All these differences between IT vs LIP are in the territory, not the map. So I definitely agree that “the distinction [between seeing and vague-sense-of-presence] isn’t just that we happen to call them by different labels”. They’re different like how the concept “hand” is different from the concept “foot”—a distinction on the map downstream of a distinction in the territory.
Right, and I agree that this makes it apriori plausible that they could account for the differences in how people talk about, e.g., vivid seeing vs. intangible intuitions. But it doesn't prove that they do, it only shows that this is the kind of explanation that, on first glance, looks like it could work. To actually solve the meta problem, you still have to do the work of explaining all the properties of introspective reports, which requires going into a lot of detail.

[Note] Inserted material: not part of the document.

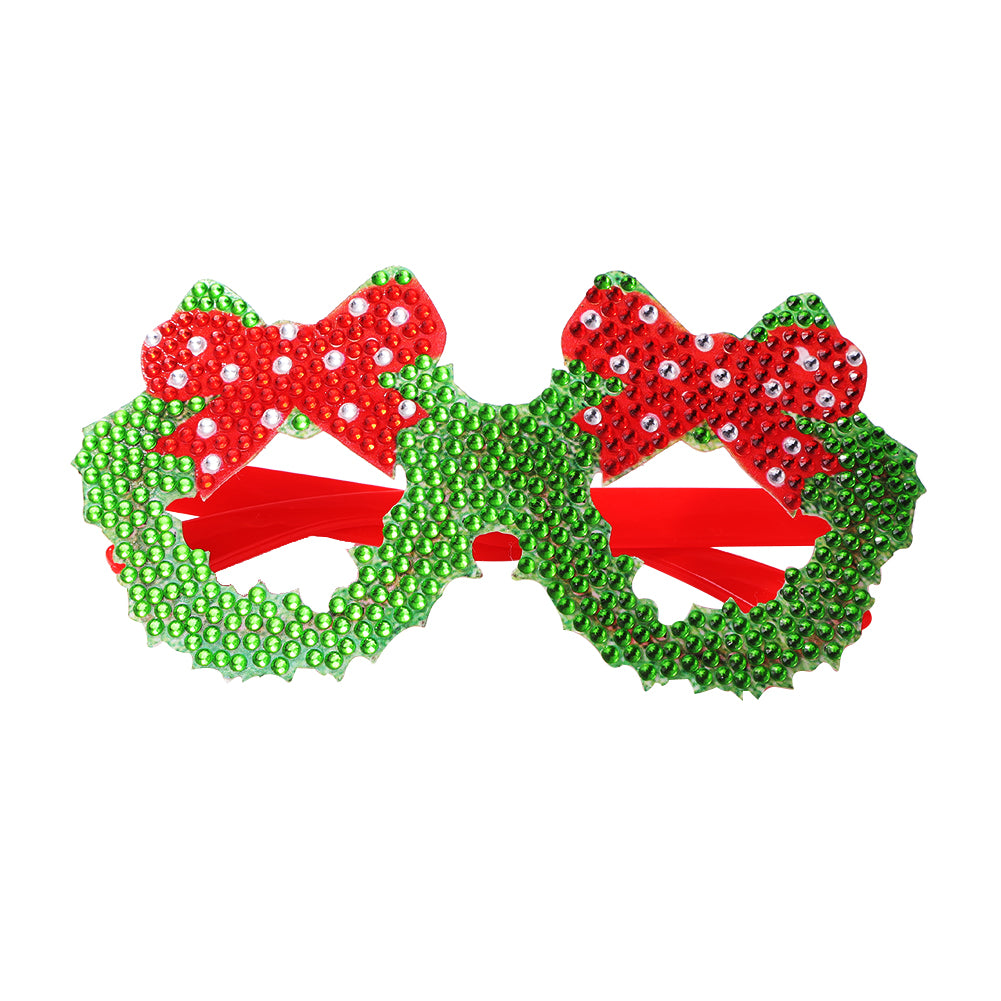 Kids Christmas Diamond Glasses Toys DIY Frame Paste 3D Rhinestone Stickers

As of above, this is the only claim I was making -- I'm not saying any of these issues are provably impossible with your approach, I'm only saying that your approach hasn't provided a full solution yet. (And that I genuinely think most of the difficulty happens to be in these still unaddressed details; this was the point of the carrot/plant analogy.)
I think that’s compatible with my models, because those meditators still have a cortex, in which patterns of neurons can be firing or not firing at any particular time. And that’s the core aspect of the “territory” which corresponds to “conscious awareness” in the “map”. No amount of meditation, drugs, etc., can change that.
Fair enough, but I think it does show that free will isn't that central of a piece.
Start with an analogy to physics. There’s a Stephen Hawking quote I like:
> “Even if there is only one possible unified theory, it is just a set of rules and equations. What is it that breathes fire into the equations and makes a universe for them to describe? The usual approach of science of constructing a mathematical model cannot answer the questions of why there should be a universe for the model to describe. Why does the universe go to all the bother of existing?”
I could be wrong, but Hawking’s question seems to be pointing at a real mystery. But as Hawking says, there seems to be no possible observation or scientific experiment that would shed light on that mystery. Whatever the true laws of physics are in our universe, every possible experiment would just confirm, yup, those are the true laws of physics. It wouldn’t help us figure out what if anything “breathes fire” into those laws. What would progress on the “breathes fire” question even look like?? (See Tegmark’s Mathematical Universe book for the only serious attempt I know of, which I still find unsatisfying. He basically says that all possible laws of the universe have fire breathed into them. But even if that’s true, I still want to ask … why?)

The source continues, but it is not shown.